Implementation Considerations
- Architecture: Vision-SR1 can be implemented atop any VLM with a modular architecture supporting structured outputs. The method is demonstrated with Qwen-2.5-VL-3B/7B.
- Training: The RL phase uses Group Relative Policy Optimization (GRPO) for stable policy updates. The self-reward rollout requires efficient re-prompting and caching of intermediate perceptions.
- Data: High-quality, format-compliant SFT data is critical for cold-starting RL. The filtration pipeline must ensure that visual perceptions are both correct and self-contained.
- Evaluation: Automated LLM-as-a-judge pipelines (e.g., Gemini-2.5-flash) are necessary for scalable, fine-grained evaluation of both answer correctness and perception self-containment.

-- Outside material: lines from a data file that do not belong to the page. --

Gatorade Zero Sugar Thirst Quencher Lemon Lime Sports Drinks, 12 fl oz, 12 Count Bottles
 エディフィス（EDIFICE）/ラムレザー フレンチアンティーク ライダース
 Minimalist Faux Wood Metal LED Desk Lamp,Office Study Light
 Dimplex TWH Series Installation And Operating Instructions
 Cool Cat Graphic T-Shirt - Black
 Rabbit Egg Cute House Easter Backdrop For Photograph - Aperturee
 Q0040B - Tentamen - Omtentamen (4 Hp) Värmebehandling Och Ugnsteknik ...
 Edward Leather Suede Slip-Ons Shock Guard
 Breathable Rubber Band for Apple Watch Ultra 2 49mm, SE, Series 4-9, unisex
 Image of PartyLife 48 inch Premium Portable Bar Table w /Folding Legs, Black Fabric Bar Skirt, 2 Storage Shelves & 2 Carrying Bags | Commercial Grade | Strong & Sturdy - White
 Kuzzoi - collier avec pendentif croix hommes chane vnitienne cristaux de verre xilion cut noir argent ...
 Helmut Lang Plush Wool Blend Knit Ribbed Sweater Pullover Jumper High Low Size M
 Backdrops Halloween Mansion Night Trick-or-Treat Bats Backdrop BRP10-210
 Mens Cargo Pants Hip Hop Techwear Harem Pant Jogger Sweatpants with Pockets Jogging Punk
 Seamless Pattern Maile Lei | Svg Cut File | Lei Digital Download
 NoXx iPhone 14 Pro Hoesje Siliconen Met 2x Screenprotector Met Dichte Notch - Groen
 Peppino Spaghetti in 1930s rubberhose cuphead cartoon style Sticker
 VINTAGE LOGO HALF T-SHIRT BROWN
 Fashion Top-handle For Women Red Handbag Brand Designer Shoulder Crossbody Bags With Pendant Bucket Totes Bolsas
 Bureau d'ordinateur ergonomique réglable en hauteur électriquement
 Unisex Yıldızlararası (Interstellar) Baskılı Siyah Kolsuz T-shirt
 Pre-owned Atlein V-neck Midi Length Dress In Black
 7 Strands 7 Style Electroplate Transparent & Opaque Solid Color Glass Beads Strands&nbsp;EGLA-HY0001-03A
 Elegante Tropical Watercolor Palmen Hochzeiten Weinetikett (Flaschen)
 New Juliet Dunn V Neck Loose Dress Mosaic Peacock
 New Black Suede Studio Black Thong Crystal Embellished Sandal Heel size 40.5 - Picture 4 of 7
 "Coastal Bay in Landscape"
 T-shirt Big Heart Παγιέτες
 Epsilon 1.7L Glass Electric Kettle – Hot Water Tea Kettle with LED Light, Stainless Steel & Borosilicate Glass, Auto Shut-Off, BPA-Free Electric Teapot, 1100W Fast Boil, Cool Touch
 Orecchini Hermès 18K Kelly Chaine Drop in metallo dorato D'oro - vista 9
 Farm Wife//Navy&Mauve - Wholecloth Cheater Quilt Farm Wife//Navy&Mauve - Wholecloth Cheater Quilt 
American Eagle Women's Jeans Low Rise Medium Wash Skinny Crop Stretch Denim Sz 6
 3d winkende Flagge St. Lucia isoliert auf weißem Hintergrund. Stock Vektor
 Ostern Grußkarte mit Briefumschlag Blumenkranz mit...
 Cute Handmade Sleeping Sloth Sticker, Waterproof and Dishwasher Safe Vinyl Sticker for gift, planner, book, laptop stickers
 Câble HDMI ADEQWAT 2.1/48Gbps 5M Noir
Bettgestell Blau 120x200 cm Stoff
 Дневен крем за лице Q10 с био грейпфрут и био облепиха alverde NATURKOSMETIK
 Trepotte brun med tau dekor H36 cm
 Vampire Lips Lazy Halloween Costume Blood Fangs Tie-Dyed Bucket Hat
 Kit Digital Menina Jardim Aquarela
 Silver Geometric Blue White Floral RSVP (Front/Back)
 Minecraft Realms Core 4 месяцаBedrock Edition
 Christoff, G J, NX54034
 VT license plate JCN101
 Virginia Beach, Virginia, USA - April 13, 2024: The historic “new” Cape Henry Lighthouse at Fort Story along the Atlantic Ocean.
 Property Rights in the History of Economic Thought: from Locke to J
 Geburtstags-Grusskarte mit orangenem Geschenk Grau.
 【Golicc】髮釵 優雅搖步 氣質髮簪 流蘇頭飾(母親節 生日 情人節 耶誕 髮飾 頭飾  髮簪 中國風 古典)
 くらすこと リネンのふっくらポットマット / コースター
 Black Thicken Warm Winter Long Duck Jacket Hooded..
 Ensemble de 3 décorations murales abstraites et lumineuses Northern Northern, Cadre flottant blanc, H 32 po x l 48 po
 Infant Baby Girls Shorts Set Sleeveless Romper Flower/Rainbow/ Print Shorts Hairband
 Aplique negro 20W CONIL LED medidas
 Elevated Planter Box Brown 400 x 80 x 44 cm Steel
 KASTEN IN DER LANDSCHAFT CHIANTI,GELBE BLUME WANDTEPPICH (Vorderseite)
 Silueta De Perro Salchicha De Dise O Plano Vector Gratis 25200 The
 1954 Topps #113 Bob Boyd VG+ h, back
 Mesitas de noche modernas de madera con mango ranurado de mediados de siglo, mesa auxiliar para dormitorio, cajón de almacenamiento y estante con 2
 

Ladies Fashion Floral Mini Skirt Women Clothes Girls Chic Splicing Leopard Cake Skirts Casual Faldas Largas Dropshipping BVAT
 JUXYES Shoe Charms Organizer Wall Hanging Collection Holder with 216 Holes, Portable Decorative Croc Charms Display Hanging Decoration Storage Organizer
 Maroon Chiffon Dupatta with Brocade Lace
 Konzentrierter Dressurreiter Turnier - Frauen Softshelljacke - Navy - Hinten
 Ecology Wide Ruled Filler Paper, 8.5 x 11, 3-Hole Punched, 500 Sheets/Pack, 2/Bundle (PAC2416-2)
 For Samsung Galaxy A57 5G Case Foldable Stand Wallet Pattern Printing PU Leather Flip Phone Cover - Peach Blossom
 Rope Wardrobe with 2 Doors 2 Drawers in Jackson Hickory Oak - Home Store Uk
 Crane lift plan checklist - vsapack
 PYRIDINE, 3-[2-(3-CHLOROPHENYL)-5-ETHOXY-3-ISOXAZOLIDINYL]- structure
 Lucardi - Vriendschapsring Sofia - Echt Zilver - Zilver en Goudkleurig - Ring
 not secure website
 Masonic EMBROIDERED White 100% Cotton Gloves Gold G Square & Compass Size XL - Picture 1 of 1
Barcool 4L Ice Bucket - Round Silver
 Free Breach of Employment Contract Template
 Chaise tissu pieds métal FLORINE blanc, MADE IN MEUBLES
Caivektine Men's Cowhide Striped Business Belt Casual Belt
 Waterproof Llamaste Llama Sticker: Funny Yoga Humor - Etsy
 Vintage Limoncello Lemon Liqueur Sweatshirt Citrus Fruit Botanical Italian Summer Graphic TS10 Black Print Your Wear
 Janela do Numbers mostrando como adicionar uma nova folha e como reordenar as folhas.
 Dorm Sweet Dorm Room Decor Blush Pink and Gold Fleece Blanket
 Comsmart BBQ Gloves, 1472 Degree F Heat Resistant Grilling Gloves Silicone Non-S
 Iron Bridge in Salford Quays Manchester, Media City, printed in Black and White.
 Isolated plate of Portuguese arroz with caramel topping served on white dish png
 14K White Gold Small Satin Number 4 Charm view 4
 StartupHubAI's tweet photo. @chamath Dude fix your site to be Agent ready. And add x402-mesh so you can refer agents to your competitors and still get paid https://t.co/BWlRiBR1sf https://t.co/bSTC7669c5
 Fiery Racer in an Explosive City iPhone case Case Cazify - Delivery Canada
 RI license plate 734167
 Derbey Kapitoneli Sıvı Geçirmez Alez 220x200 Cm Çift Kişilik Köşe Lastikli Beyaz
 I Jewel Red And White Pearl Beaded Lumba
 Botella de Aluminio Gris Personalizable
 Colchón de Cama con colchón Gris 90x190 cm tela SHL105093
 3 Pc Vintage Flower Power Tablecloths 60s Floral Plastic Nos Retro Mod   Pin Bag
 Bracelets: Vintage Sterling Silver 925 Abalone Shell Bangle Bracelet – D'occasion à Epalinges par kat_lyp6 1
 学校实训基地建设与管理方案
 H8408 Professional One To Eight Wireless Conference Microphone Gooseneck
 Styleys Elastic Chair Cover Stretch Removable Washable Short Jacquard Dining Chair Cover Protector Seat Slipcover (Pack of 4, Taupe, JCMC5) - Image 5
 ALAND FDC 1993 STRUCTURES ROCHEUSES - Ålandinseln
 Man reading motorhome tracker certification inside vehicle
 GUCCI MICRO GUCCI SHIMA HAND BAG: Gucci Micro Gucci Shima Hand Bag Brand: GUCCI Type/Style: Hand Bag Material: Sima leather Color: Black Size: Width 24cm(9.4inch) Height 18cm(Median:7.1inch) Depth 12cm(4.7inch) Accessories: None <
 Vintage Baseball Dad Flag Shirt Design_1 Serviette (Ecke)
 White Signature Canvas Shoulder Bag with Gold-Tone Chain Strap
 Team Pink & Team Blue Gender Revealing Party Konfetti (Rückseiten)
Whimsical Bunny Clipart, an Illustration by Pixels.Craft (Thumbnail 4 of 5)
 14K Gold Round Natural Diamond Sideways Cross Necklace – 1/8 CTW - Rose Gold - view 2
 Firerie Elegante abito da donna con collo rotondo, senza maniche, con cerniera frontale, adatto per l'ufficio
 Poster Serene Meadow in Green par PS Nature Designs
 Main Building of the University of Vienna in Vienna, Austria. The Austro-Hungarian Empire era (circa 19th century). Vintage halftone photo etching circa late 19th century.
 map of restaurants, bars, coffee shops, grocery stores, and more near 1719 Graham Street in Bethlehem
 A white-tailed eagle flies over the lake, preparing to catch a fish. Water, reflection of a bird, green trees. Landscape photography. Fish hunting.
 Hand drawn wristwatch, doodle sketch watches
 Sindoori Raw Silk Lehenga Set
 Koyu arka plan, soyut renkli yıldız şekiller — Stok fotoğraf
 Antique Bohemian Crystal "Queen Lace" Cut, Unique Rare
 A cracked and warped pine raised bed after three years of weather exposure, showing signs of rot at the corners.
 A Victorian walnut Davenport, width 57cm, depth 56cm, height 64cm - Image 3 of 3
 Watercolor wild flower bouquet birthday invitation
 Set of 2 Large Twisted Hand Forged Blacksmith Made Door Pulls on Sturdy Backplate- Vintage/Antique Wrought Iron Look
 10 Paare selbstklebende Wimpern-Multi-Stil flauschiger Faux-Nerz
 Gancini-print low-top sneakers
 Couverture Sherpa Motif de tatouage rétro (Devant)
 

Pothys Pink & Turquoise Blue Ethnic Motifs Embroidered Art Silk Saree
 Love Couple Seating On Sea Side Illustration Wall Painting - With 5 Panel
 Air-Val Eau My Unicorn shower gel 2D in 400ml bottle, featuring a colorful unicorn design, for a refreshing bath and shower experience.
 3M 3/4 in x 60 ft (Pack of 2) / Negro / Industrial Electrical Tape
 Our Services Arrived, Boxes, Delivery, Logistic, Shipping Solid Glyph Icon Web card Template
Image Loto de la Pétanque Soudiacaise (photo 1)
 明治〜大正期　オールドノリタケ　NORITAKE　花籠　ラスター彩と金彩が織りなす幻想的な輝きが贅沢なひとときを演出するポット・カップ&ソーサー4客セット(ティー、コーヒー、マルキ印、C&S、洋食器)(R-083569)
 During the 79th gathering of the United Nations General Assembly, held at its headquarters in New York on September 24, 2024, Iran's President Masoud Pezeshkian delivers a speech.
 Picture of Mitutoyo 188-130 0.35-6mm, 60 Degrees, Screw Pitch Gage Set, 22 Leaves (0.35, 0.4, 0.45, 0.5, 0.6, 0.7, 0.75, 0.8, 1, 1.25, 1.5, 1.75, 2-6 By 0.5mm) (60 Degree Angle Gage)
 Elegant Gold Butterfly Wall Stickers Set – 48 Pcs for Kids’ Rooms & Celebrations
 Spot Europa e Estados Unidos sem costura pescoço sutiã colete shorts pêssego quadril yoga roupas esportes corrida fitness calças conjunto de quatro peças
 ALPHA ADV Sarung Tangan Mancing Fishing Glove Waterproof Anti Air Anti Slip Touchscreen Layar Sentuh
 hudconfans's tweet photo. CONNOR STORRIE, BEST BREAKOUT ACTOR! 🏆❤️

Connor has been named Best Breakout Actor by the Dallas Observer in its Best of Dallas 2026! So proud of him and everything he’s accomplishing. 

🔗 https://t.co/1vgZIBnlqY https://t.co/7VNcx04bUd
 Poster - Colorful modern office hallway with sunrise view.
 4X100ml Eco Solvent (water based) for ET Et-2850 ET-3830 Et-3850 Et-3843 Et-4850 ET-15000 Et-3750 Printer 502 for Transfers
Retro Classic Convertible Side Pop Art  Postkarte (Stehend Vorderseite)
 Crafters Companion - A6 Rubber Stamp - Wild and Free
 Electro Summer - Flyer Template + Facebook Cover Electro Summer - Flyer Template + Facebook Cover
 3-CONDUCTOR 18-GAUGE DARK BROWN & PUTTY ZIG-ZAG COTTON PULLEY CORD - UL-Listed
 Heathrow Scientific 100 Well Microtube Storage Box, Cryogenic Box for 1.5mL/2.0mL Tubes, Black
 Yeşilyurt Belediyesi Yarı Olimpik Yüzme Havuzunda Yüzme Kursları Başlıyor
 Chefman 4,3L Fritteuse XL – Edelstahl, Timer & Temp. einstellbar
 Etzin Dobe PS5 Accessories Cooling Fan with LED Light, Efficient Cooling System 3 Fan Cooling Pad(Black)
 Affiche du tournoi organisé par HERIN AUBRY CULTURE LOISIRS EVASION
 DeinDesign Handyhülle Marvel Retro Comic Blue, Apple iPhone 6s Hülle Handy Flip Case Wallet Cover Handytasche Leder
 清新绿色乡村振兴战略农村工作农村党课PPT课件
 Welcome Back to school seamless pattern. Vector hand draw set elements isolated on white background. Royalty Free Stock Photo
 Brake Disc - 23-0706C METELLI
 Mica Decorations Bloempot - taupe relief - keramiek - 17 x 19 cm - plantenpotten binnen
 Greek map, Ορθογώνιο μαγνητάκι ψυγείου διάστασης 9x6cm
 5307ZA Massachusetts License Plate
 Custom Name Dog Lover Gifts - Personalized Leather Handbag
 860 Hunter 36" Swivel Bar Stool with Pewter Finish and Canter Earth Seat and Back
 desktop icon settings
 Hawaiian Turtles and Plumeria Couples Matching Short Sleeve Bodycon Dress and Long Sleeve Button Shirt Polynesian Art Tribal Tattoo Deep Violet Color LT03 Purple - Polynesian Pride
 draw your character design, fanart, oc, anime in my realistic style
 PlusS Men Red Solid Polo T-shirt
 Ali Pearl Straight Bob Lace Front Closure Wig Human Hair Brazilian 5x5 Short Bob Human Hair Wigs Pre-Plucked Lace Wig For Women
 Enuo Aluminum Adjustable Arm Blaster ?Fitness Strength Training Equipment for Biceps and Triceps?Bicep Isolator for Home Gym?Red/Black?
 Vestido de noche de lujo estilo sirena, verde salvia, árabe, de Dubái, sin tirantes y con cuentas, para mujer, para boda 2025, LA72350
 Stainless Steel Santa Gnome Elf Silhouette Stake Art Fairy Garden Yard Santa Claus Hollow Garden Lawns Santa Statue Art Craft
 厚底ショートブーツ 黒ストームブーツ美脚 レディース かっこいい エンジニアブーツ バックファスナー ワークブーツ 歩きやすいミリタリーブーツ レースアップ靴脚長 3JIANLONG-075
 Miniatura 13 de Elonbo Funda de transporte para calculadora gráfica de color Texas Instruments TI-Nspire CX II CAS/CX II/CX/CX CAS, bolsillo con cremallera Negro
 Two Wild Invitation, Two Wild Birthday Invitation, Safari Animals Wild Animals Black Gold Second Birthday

Implications and Future Directions
Vision-SR1 demonstrates that self-rewarding mechanisms can provide scalable, adaptive supervision for visual perception in VLMs, reducing the need for costly human annotations or static external reward models. The explicit decomposition of reasoning aligns with the modularity hypothesis in cognitive science and may facilitate more interpretable and controllable VLMs.
However, the reliance on text-based proxies for visual perception introduces potential information loss. Future work should explore direct supervision of visual embeddings and more sophisticated self-rewarding strategies, including self-play and self-evolving VLMs. Additionally, the findings raise important questions about the true nature of improvements in multimodal RL—whether they reflect genuine perception gains or merely better exploitation of language shortcuts. More rigorous benchmarks and analysis are needed to disentangle these effects.
Conclusion
Vision-SR1 advances the state of the art in vision-language alignment by introducing a self-rewarding, reasoning-decomposed RL framework that directly supervises visual perception. The method yields consistent improvements in visual reasoning, reduces hallucinations and language shortcuts, and preserves text-only reasoning capabilities. This work provides a scalable blueprint for future VLM training pipelines and highlights the importance of explicit, adaptive supervision for intermediate reasoning steps in multimodal models.